Nunca considerei usar a 5th Edition como sistema. Sempre soubera que quando voltasse a jogar, continuaria fazendo uso de meus livros de AD&D, acredito que por vários motivos, importantes para um velho grognard como eu, de serem esclarecidos aqui. Em primeiro lugar, o óbvio: fazer uso dos livros que eu já tinha, eliminaria a necessidade de investir em novos livros, economizando dinheiro e sobretudo tempo. Mas outros dois fatores foram mais determinantes. A familiaridade com o sistema foi o primeiro fator decisivo: usando meus livros antigos, não era necessário ler e memorizar nada, as regras foram lidas e relidas anos atrás e já estavam memorizadas. Essas regras, discutidas e usadas em centenas de sessões, com diferentes grupos de pessoas, possuíam memórias de suas aplicações e conexões com velhas histórias de uma época e de inúmeros contextos, portanto, remetem qualquer jogador veterano um sentimento de conforto, de algo que lhe é agradavelmente familiar. Nós literalmente “crescemos” usando essas regras e aos meus olhos, elas funcionavam muito bem. Por que trocar algo que era perfeito?
A questão mais decisiva fora sem sombra de dúvida, a nostalgia. Voltar a jogar AD&D significava poder reviver uma experiência vivida anteriormente.

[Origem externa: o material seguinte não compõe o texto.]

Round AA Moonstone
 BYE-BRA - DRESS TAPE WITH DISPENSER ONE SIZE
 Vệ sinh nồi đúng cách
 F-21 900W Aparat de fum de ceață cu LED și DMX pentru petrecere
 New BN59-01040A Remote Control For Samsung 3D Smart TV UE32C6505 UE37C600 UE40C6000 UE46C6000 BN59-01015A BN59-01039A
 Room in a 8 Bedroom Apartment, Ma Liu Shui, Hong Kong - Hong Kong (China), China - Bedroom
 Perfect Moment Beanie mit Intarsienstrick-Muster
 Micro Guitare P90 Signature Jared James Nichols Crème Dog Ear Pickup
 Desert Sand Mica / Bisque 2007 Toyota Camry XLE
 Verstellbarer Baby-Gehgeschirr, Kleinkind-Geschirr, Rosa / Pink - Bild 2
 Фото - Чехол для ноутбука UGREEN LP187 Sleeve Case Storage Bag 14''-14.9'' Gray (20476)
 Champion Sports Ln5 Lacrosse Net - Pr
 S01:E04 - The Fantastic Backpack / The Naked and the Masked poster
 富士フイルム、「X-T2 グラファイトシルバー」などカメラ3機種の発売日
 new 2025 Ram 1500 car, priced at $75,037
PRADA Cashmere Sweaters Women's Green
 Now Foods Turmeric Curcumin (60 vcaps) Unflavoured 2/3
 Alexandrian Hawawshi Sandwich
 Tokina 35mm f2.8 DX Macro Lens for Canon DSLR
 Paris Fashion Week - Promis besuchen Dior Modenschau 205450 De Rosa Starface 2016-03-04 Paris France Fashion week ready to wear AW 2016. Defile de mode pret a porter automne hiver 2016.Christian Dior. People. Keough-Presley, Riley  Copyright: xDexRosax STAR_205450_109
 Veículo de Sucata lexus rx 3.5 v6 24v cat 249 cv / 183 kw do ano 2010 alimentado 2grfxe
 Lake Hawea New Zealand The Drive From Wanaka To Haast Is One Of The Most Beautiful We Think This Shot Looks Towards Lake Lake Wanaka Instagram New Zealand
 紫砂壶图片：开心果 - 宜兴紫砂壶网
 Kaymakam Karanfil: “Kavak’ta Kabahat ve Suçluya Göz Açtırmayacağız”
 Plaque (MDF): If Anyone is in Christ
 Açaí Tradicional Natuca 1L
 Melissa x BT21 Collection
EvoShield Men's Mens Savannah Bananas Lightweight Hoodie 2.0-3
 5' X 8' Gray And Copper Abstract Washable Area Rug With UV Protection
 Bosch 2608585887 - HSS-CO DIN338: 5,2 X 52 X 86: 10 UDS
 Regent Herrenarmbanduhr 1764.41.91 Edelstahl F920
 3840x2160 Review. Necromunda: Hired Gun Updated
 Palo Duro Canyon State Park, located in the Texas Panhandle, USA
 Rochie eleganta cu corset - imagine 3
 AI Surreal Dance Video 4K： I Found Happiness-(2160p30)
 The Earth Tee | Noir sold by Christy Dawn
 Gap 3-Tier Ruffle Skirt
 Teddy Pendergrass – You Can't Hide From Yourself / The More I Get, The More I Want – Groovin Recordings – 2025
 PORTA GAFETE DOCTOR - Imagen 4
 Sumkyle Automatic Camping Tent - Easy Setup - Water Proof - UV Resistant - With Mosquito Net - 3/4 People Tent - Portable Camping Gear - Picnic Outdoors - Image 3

Uma experiência que remetia a uma época marcada pela adolescência, pelo descobrimento de responsabilidades, de amadurecimento, mas também da liberdade de descobrir o mundo, da descoberta de uma vida social com um grupo de pessoas de interesses comum e na consolidação de um hábito que edificava. Jogar D&D, na minha geração, nos fez aprender muita coisa. Começando pela barreira da língua, foi necessário aprender a ler inglês, necessário adquirir uma disciplina de leitura, aprender a perder a vergonha de interpretar, gerenciamento de regras num grupo e a memorizá-las, defender argumentos, negociar, trabalhar em grupo e todo tipo de atividade intelectual e social que nos transformava em seres humanos melhores. O D&D nos moldou, e eu ainda sinto que esse hobby continua me ensinando e me tornando melhor. Portanto, usar o sistema de 2nd Edition, amplamente vivenciado numa época que marcara o “início” da fase adulta, é uma viagem no tempo, onde memórias afetivas de centenas de histórias afloram a todo momento. Reviver e fazer uso do AD&D, traria de volta os “anos dourados” vividos durante a boa e velha TSR.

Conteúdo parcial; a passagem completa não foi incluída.